Après la vérification de l’état de la surface oculaire, l’ophtalmologiste préconise les lentilles d’essai à poser. Si celles-ci sont disponibles en cabinet, l’orthoptiste se charge de la pose.
Le patient est installé en salle d’attente pour qu’il s’habitue à cet équipement. Au bout de 20 à 30 minutes, un premier contrôle est réalisé par l’orthoptiste. Si tout est parfait, le patient est revu par l’ophtalmologiste qui décidera soit d’une modification, soit de passer au stade de l’apprentissage de la manipulation des lentilles si celle-ci est faite au cabinet. Il est souvent pratique de la déléguer à l’opticien qui peut commander les lentilles d’essai.
Dans le cadre du contrôle en orthokératologie, un nouveau rendez-vous est fixé pour le début du matin suivant la première nuit de port. Une topographie est réalisée. L’acuité visuelle sans verre est vérifiée et une réfraction additionnelle peut être faite si besoin. L’orthoptiste vérifie que la manipulation a bien été assimilée et les produits d’entretien bien utilisés.
L’ophtalmologiste
L’ophtalmologiste pilote toute l’adaptation, en supervise toutes les étapes et valide le choix de l’équipement. C’est lui et lui seul qui prescrit les lentilles d’essai ou définitives et les produits d’entretien si nécessaire.

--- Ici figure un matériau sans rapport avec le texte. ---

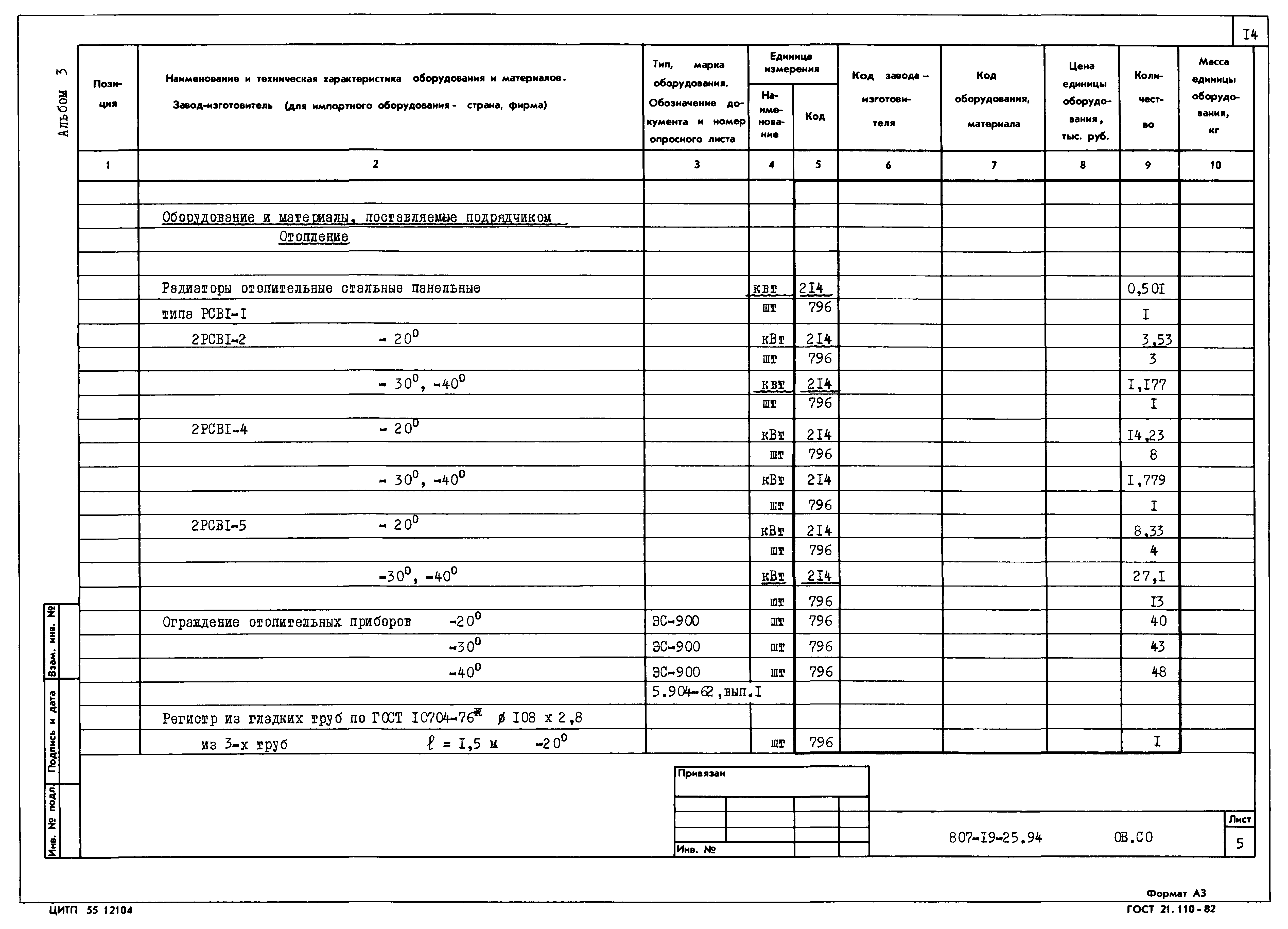 Типовой проект 807-19-25.94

Le patient sera revu par l’ophtalmologiste pour un dernier contrôle avant la prescription finale.
Conclusion
Déléguer des tâches bien définies permet à l’ophtalmo logiste contactologue de se concentrer sur l’essentiel après une lecture synthétique du dossier médical du patient. Nous sommes certains que cela contribue à améliorer le relationnel entre les professionnels du centre et le patient, lien si important en contactologie. Cette synergie d’équipe sécurise le patient, surtout lors du tout premier équipement. Le rapport avec l’opticien distributeur complète la chaîne de « sécurisation » du patient.
Quelques conseils
• Créer un agenda spécifique à la contactologie : un rendez-vous de contrôle des lentilles avant la prescription finale et un rendez-vous de première adaptation ne prennent pas le même temps pour l’orthoptiste et l’ophtalmologiste. Il est souvent nécessaire que l’orthoptiste voie le patient avant l’ophtalmologiste.

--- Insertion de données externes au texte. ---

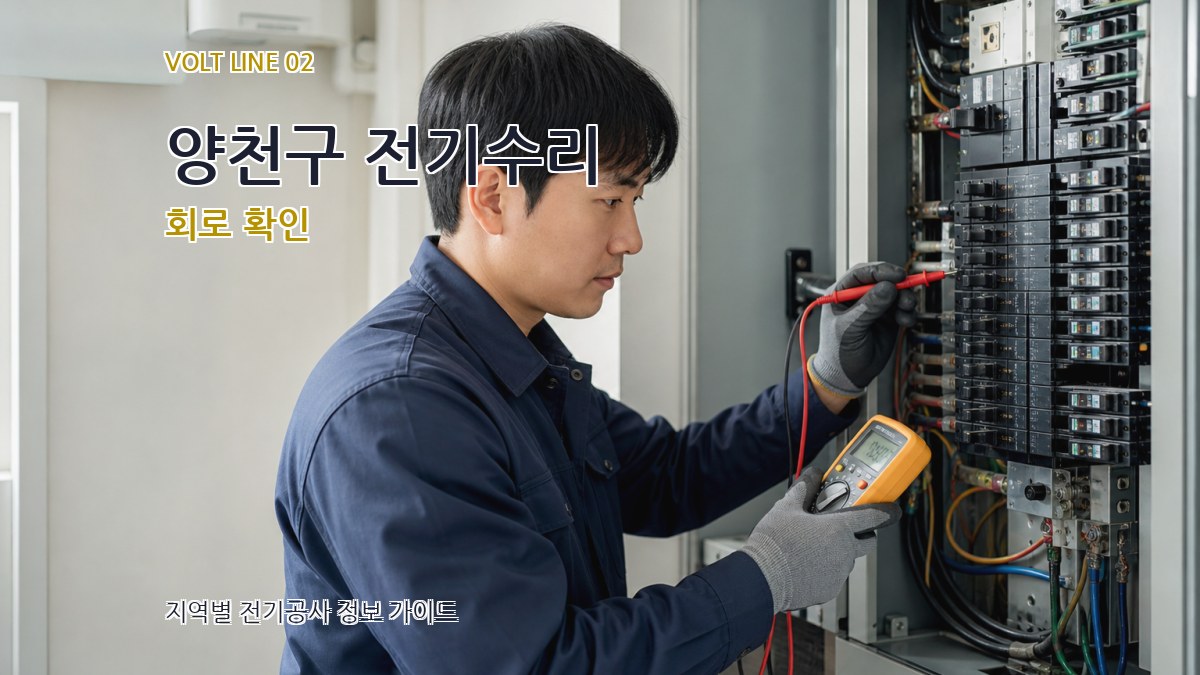 양천구 전기수리 회로 확인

• Les manipulations sont faites au cabinet et/ou auprès d’un opticien spécialisé en contactologie.
• Mettre en place des formations en contactologie à destination des secrétaires et des orthoptistes. L’ophtalmologiste peut former lui-même en interne, mais de nombreux laboratoires proposent des formations gratuites (en ligne, sur site ou au siège) sur les différentes lentilles, leur protocole d’ adaptation, les produits d’entretiens ou les règles d’hygiène par exemple. Sans compter une meilleure prise en charge du patient, cela permet aussi de diversifier les tâches de chacun, ce qui peut être un réel levier motivationnel pour toute l’équipe.